さっきまで笑ってた人と同一人物と思えない。


ボイド先生、

ちょっとムカつく。


すると。


リゼリア教授がふと口を開いた。


「なら克服すればいい」


ボイド:

「……へ?」


数分後。


なぜか職員室の中央に、

ボイド先生が立たされていた。


「よし」


リゼリア教授、

腕組み。


「ビビり克服訓練を始める」


「なんで???」


「今後において必要だからだ。

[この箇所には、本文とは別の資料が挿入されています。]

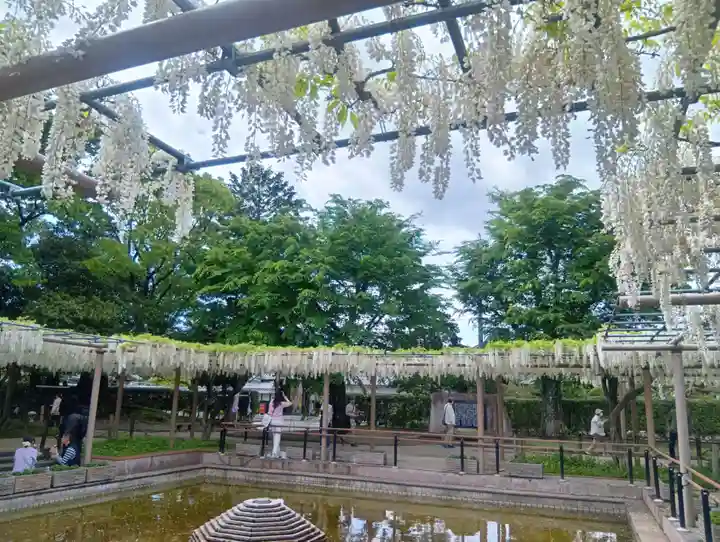 曼陀羅寺(愛知県)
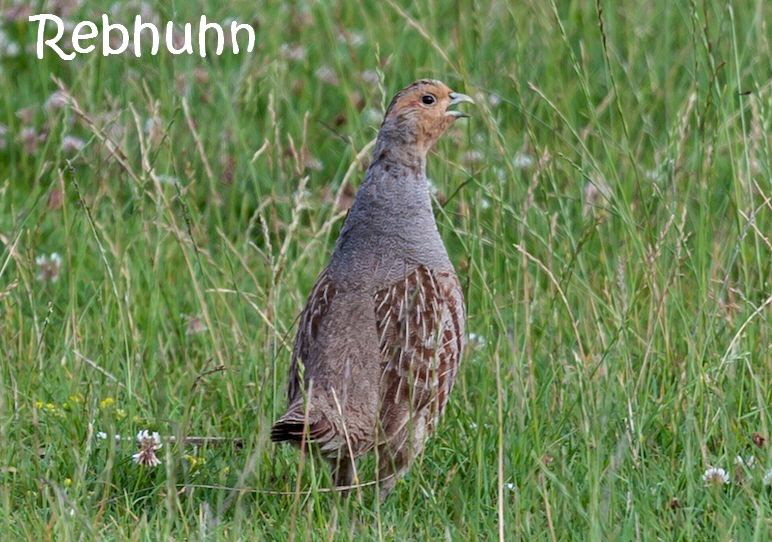 Rebhuhn_4347387_1280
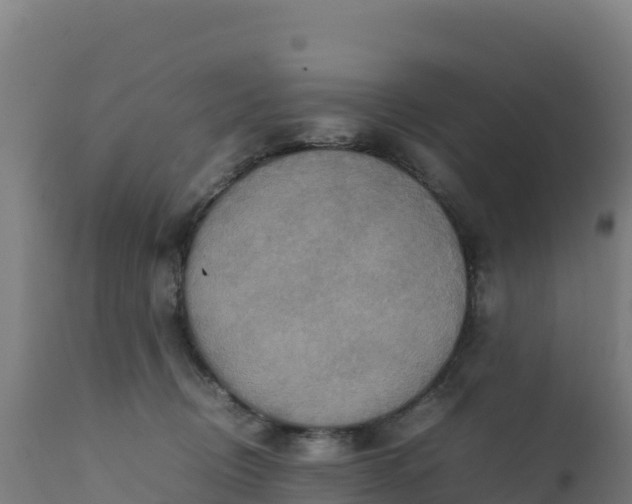 X0000112410370200908281820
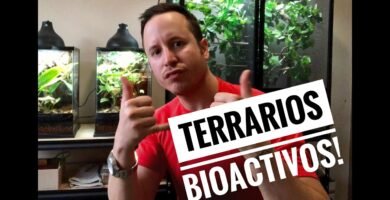 Cómo manejar el comportamiento de reptiles en terrarios bioactivos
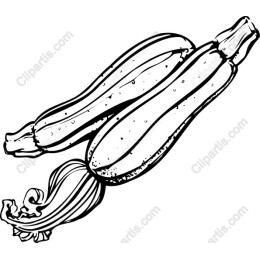 Fresh Zucchini Hand-Drawn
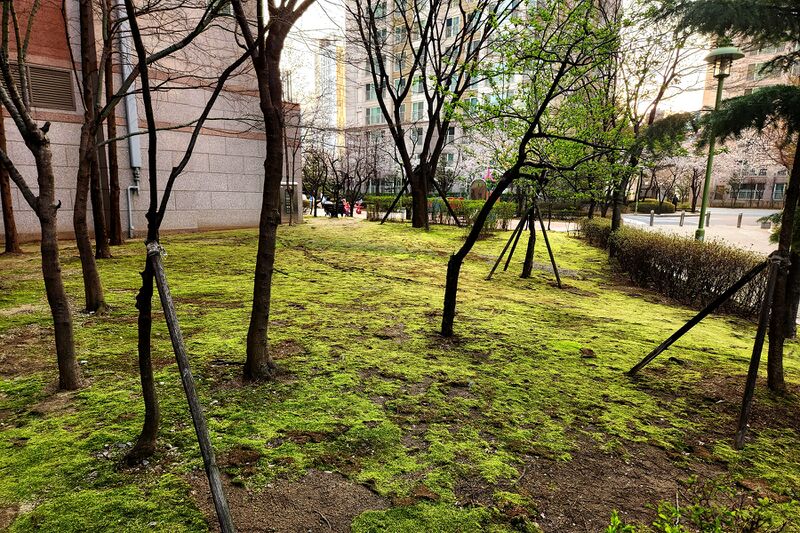 파일:house03 016 001.jpg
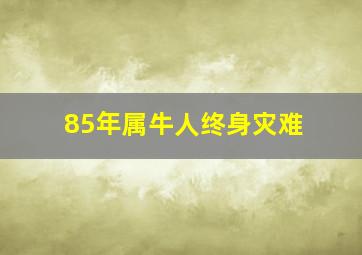 85年属牛人终身灾难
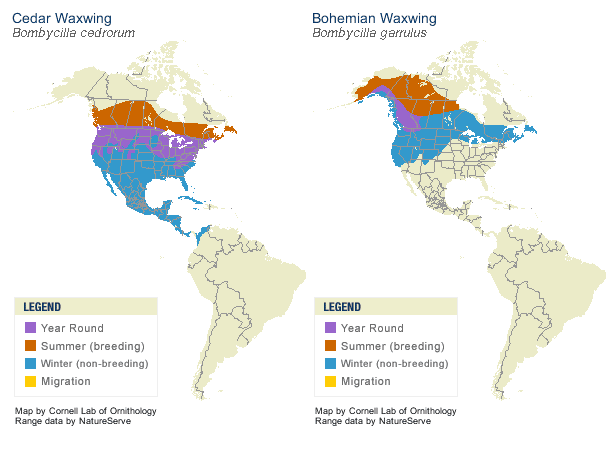 waxwing location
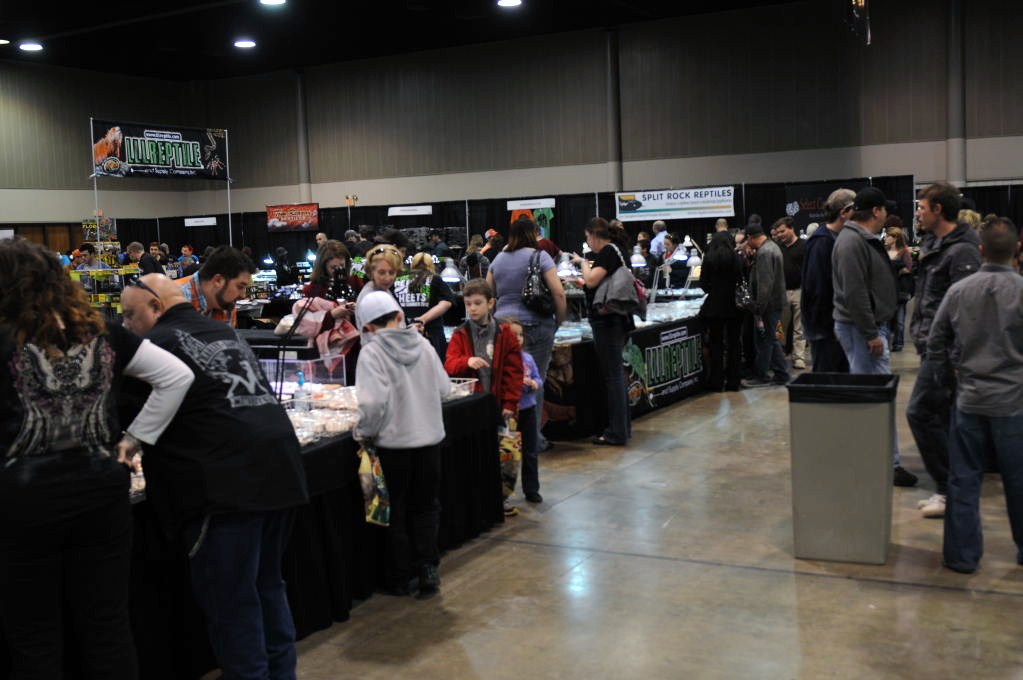 Photos from NARBC Arlington 2012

」


グレイガルド学長の前で、ポットとティーカップがカタカタと動く。


紅茶を注ぎ始めるティーポット。


まるで誰かが注いでいるかのようだ。


実際はグレイガルド学長の魔法である。


既に茶菓子まで準備済み。


完全に観戦モードである。


そんな学長の様子を見て、


「他人事だと思って完全に面白がってる…」


と呆れ顔のボイド先生。


「だって実際他人事じゃし〜〜」

「ほれ、励みたまえ励みたまえ〜」


魔法で注いだ紅茶を美味しそうに啜りながら、


もう片方の手をひらひらと動かす学長。


「学生に向けた励みたまえの百倍軽いんですが?」


ボイド先生が即ツッコミを入れる。


そんな様子を全く気にする事もなく

リゼリア教授が、

スッと魔法陣を展開した。


ボイド:

「えっ」


突然始まる訓練に反応が遅れるボイド先生。


空中に、

レンの幻影が現れる。


しかも妙にリアル。


「こんにちは、ボイド先生」


「ひぇっ!!」


ボイド先生、

椅子ごと後退。


ガシャーン!!


学長、

紅茶を吹きかける。


でも。


職員室の外から足音。


スンッ。


学長、

瞬時に真顔。


学生が扉を開ける。


「失礼します」


「……どうした」


重厚。


威厳の塊。


さっきまで笑い転げてたとは思えない。


学生、

ちょっと震えてる。


「書類提出に……」


「置いていけ」


「はい!!」


学生退室。


扉閉まる。


学長:

「カッッッカッカッカ!!!」


「器用すぎません!?!?」


ボイド先生、

ツッコミが追いつかない。


リゼリア教授は淡々と続ける。


「第二段階だ」


「まだやるんですか!?」


今度は。


幻影レンが、

じっとこちらを見るだけ。


何もしない。


ただ。


目が合う。


ボイド:

「…………」


ぷるぷる。


「…………」


ぷるぷるぷる。


「…………」


「なんで見てくるのぉ!?」


限界だった。


両手で顔を覆う。


その時。


ガチャ。


職員室の扉が開く。


「失礼しまーす」


本物のレンだった。


ボイド:

「ひぇっ!!!!また?!」


職員室中に響く悲鳴。


レン、

ビクッ。


「えっ!?…今日初めて職員室きましたけど…」


ボイド先生、

反射的にリゼリア教授の後ろへ隠れる。


完全に小動物。


レン困惑。

「え、俺なんかした……?」


リゼリア教授、

ため息。


「お前のクラスの学生だぞ」


「知ってるけど怖いもんは怖い!!」


「子供か」


学長、

肩震わせてる。


でも。


レンが学長に視線向けた瞬間。


スンッ。


「大神レン」


低く威厳ある声。


「学校生活には慣れたか?」


さっきまで笑ってたのに。


レン、

ちょっと背筋伸びる。


「あ、はい!」


「うむ。励め」


「はい!」


レンがプリントを置き、

去っていく。


扉閉まる。


沈黙。


三秒後。


学長:

「おぬし本当に怖がりすぎじゃ!!!」


「だから笑わないでくださいってぇ!!!」


ボイド先生がレンを怖がらなくなる日は来るのだろうか。